Of course, we choose to remember the good and suppress the bad. Most times, I get over things quickly and tend to forget any bad feelings I had. Well, after some deep diving I remembered what I hated about the summer of 2016. Flaky and late people- dates. friends, and more. My friends never knew how to be on time and I was always early. I would spend hours sometimes waiting for them and spending my time walking through stores, driving down Coastal Highway, and sitting in parking lots before meeting up. I couldn't go home because I lived 30 minutes away with beach traffic and it wouldn't be worth the drive. So I waited. It was very upsetting to me at the time how we would arrange to meet somewhere at 9:30 and no one would be there. To this day they are terrible communicators through text.

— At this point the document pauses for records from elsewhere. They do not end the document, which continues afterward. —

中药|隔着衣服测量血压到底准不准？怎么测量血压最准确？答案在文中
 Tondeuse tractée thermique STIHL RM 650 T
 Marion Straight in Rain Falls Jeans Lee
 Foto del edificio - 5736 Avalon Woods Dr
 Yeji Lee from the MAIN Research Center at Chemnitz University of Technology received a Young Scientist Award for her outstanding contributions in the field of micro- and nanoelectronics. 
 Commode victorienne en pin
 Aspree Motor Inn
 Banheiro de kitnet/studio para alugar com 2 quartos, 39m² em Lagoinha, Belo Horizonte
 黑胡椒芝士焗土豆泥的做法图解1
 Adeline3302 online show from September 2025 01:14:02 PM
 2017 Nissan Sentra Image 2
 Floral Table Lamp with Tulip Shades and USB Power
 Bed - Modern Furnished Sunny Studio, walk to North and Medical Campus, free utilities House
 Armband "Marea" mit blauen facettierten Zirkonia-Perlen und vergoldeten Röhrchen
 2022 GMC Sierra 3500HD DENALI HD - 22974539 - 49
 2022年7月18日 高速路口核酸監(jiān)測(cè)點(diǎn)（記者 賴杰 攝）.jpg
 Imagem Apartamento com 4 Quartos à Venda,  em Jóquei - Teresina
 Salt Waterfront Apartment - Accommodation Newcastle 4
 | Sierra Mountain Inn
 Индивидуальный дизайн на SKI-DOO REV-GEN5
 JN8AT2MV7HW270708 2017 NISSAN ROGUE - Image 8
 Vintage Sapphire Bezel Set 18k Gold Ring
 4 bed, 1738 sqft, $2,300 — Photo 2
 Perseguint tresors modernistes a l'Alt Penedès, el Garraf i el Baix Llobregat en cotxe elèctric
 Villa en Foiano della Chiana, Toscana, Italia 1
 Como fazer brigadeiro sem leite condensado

What's changed this summer is me not caring enough. If they aren't going to try, then why should I? If stress can be avoided, find a way. I chose to change my attitude because I know that we can never stick to plans and I was setting unrealistic expectations that they would be on time. Now, I hardly show up on time and I let them choose what we do. They're not bad friends, they just don't like living within time constraints and honestly, after doing as they do, I can see why.
Another bad attribute from summer 2016 was how open and talkative I was. No one needs to hear every detail and listening to people go on and on is tiring. Although I didn't talk for hours, I still told everyone and anyone, every little detail about my life. Now, I keep secrets. Not secrets as in things I'm purposely hiding, but rather things I do that no one really needs to know about.
Though this summer has barely taken off, and technically, according to the Summer Solstice, it has just started, there has been less turmoil and more fun in my life than any summer before. Two notable differences in my life have occurred. I have a second job and work more days and shifts now, therefore being a lot busier. And my mindset and attitude have totally shifted and I'm focusing my free time on the things that matter.
During summer 2016, I stayed out late and woke up late. Before I would have to go into work at 4:30, I'd spend that time mindlessly watching Netflix or scrolling through Instagram all day. So far this summer, I wake up early each morning, make my bed, and begin my day either working or spending time with my friends at the beach. Sometimes I do stay up late to hang out with my friends, but the mornings are too peaceful to pass up.
Getting up and running errands or getting to the beach by 10 am makes for the best days. It all makes sense that it feels better to wake up early right? There are countless articles that tell the morning routines of successful and happy people. A few summers ago, I hated the days because it meant staying inside all day (on my own account) and now by waking up early, I have the time and positivity to achieve anything.
Another thing that has made me feel like a new person is caring less about my presence on social media, living in the moment, and focusing on the people around me. The ultimate reason I feel so good about this summer is because I'm slowly shifting my priorities in the right direction. I don't see my friends all the time, but I see them many times a week. Before, all nine of us in our friend group always had to hang out in a large group. This summer, a few friends are away at internships, which means our group dynamic has been different. I've got to spend time one on one with friends I'd never done that with and we've all been having so much fun.
When we are together, we non-stop talk to each other and our phones are hardly a factor. Where I'd pick up my phone in 2016 and take a picture of the food I was eating or a video of our hangouts, I realize that no one really cares and the people that actually matter are right before me. And if I have to pick between my friends or a date, it's definitely going to be my friends since they're the ones to undoubtedly stick around longer.
Though I'm not sure what exactly made my negativity and stress from 2016 turn into positivity and gratefulness in 2019, I believe it's my overall change in priorities that come with growing up. I'm no longer a teenager, and yes it was a fun time, but I am so happy now and I wouldn't choose to go back for anything.